Как и Шанди, Небо было верховной божественной силой. Подобно Шанди, оно обладало свойством карать непокорных и нерадивых, награждать послушных и достойных, покровительствовать мудрым и честным. Но в то же время оно стало и заметно отличаться от своего предшественника — Шанди. Шанди был предком-божеством, родственным иньцам (а затем и чжоусцам), радевшим в первую очередь именно о них, своих прямых потомках. Правда, он тоже изредка гневался на людей и даже наказывал их за проступки. Но это было лишь родственным, отеческим внушением. В общем и целом Шанди был весьма пристрастным покровителем своих потомков, скорей даже доверенным лицом их сравнительно небольшого коллектива там, на небесах. И это вполне соответствовало той сравнительно скромной роли и тому довольно незначительному месту, которые были отведены на земле родоплеменным коллективам иньцев и чжоусцев.
С образованием^ могущественного государства Чжоу и сложением китайской цивилизации положение изменилось. Теперь уже не небольшой племенной коллектив, а огромный конгломерат различных народов сплавлялся в единое целое. Аналогичный процесс, естественно, должен был протекать и в потустороннем мире. Этот процесс, как упоминалось, мог пойти по линии усиления значения и могущества племенных богов, которые могли стать общегосударственными. В Китае, однако, произошло несколько иначе. На смену верховному божеству небольшого родо-племенного коллектива пришло само Небо, принявшее на себя функции всеобщего верховного божества. Культ Шанди стал понемногу исчезать — он постепенно растворялся в культе предков, приобретавшем все больший вес среди всех слоев китайского населения (функции предка-покровителя в локальном или семейном масштабе стали исполнять эпонимические семейно-клановые предки).

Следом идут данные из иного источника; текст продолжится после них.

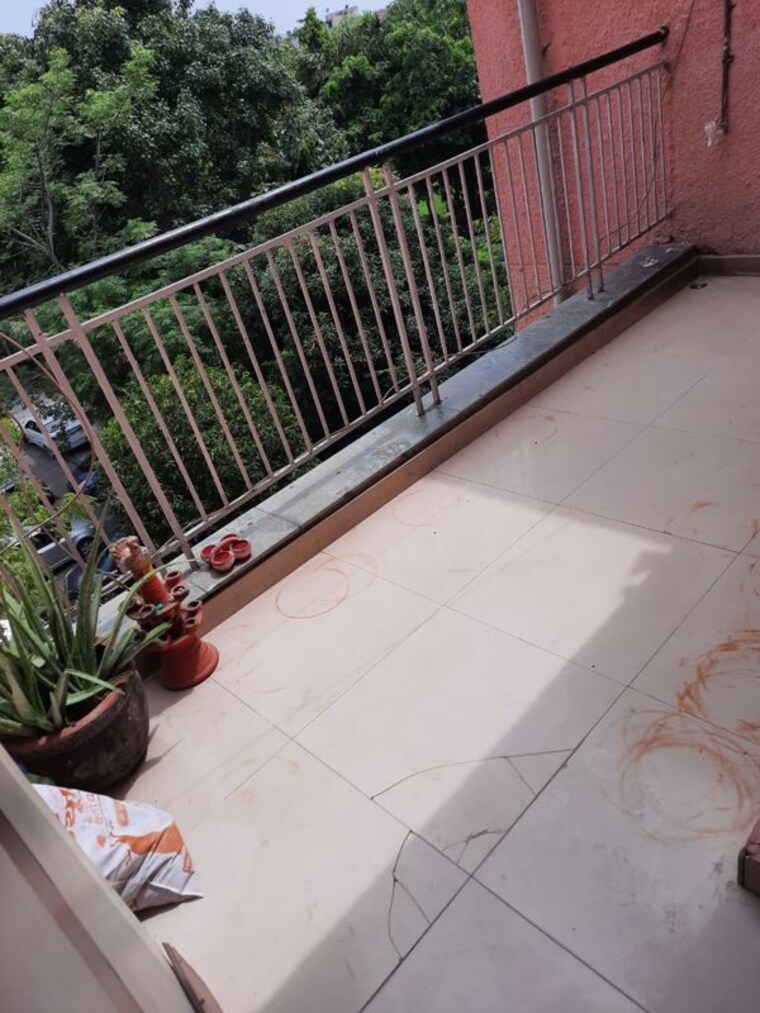 Balcony, sarita vihar 2 Bedroom 1200 Sq.Ft. Apartment In Sarita Vihar Delhi 9856462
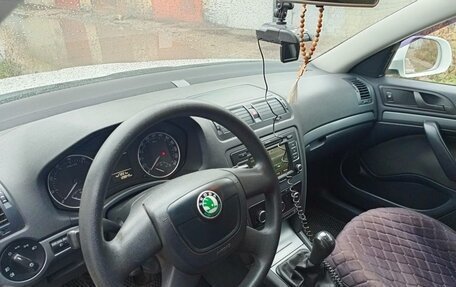 Skoda Octavia, 2012 год, 900 000 рублей, 3 фотография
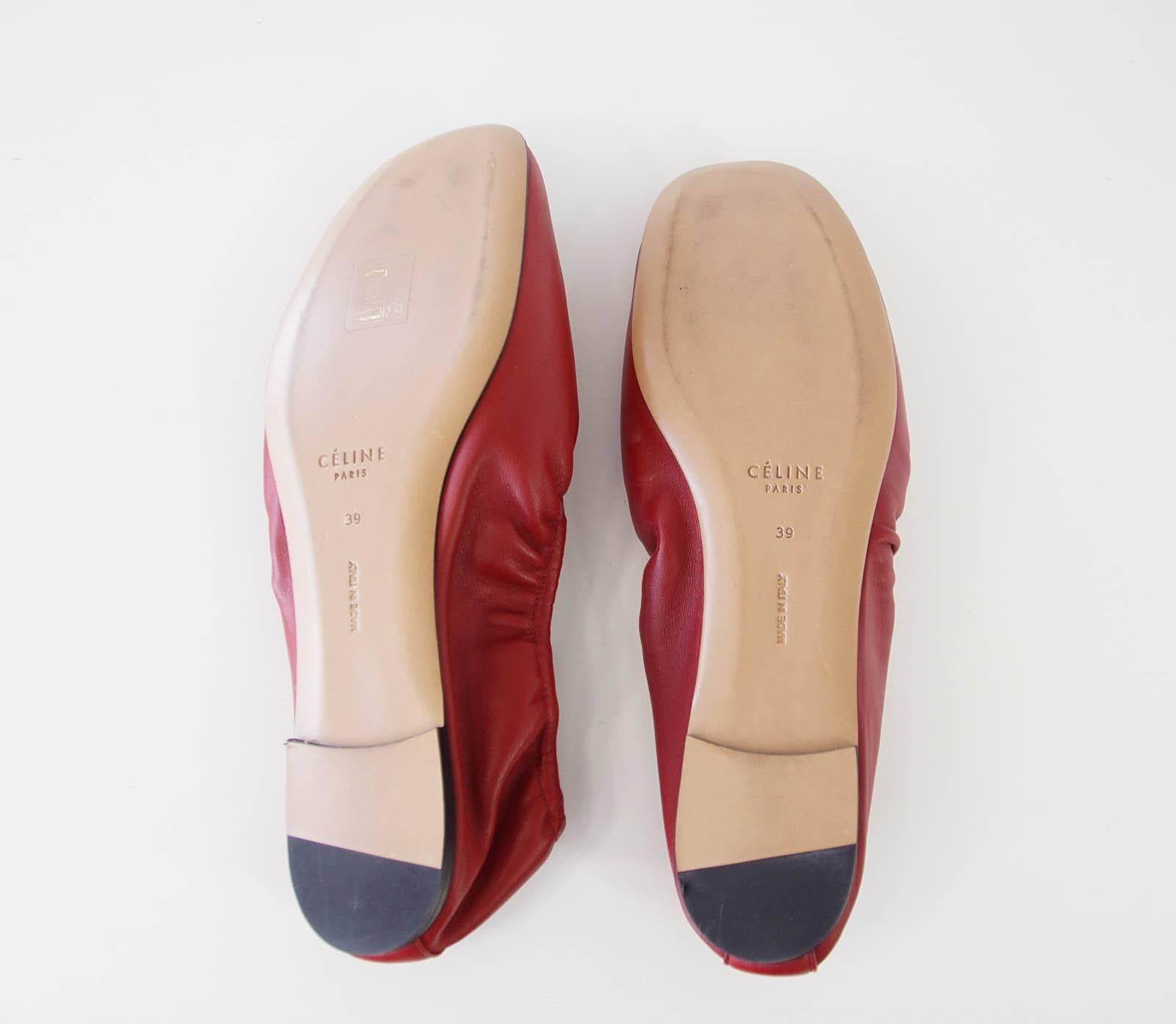 CELINE Shoe Buttery Red Leather Ballet Flat Chic Styling  39 / 9  In Excellent Condition In Miami, FL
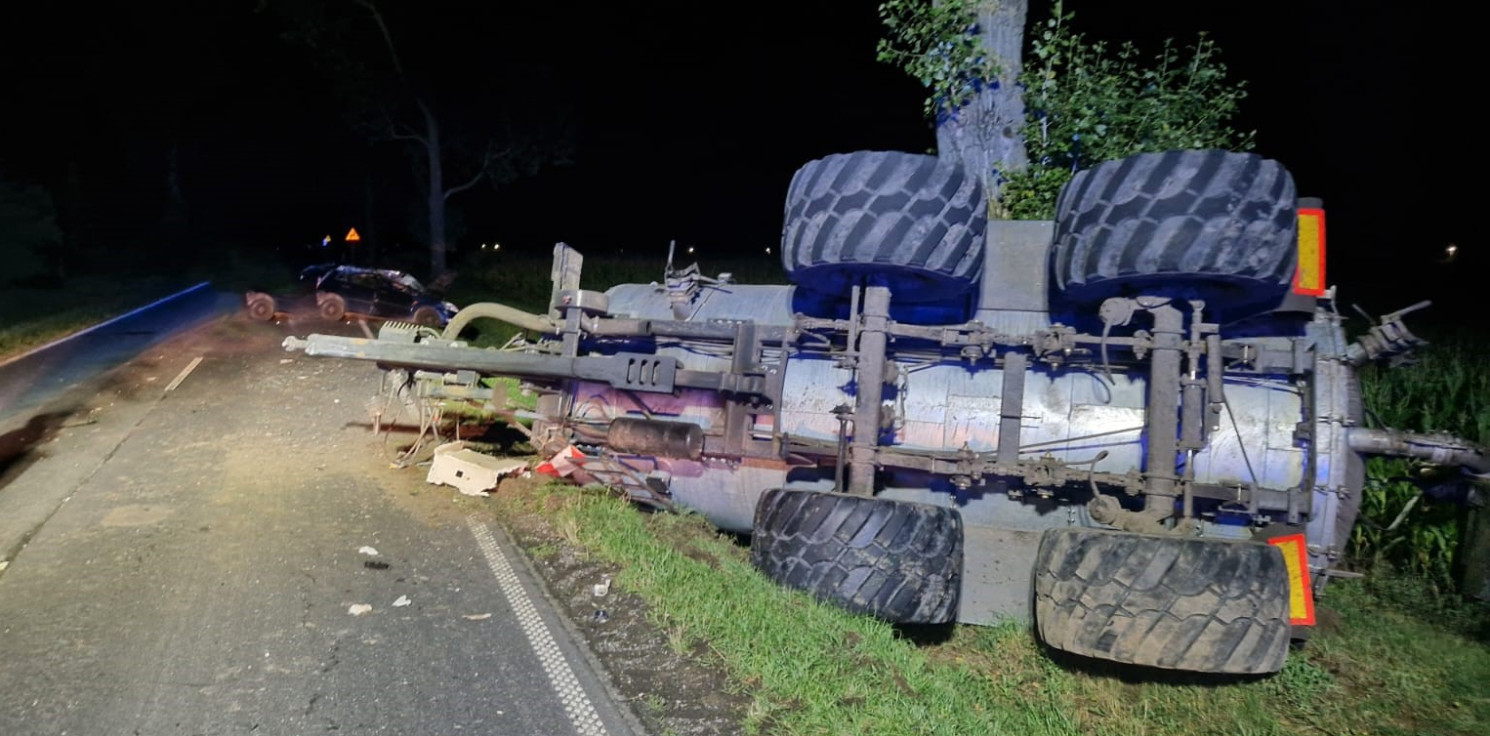 Region - Nocna kraksa pod Inowrocławiem. Auto uderzyło w beczkowóz i ciężarówkę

Таким образом, культ конкретного верховного божества Шанди, воспринимавшегося в качестве тотемного первопредка и достаточного в условиях сравнительно небольшого и единого родо-племенного коллектива, в новых условиях большого разноплеменного государства как бы разделился на два. То самое слияние культа высшего божества с культом умерших предков, которое было столь характерным для религиозной системы иньцев, теперь перестало существовать. На смену ему пришли два различных культа —культ предков, имевший теперь уже характер почитания преимущественно ближайших, конкретных предков, и культ Неба. Этот новый культ Неба, хотя и генетически был связан с культом Шанди и функционально во многом походил на него, представлял уже совершенно иное явление. В отличие от предка-покровителя Шанди Небо выступало в качестве абстрактной регулирующей силы, было олицетворением разума, целесообразности и высшей справедливости11.
10
Специфический статут Шанди ставил многих синологов в тупик в связи с проблемой монотеизма в древнем Китае. Некоторые авторы видели в Шанди прежде всего бога и полагали, что концепция монотеизма была знакома иньцам и чжоусцам {206, 3—27; 248; 733]. Другие подходили к этому более осторожно, считая, что «концепция Шанди содержала в себе зерна этического (?—Л. В.) монотеизма» {708, 434], или говоря об «идее бога» {709, 112—132].
11
Некоторые авторы приходят к выводу, что Небо было все-таки выше Шанди [426, 16; 690, 343]. Иногда эту же мысль выражают в иной форме, считая, что, слившись с Небом, Шанди превратился из первопредка в высшее всеобщее божество [708, 436—437].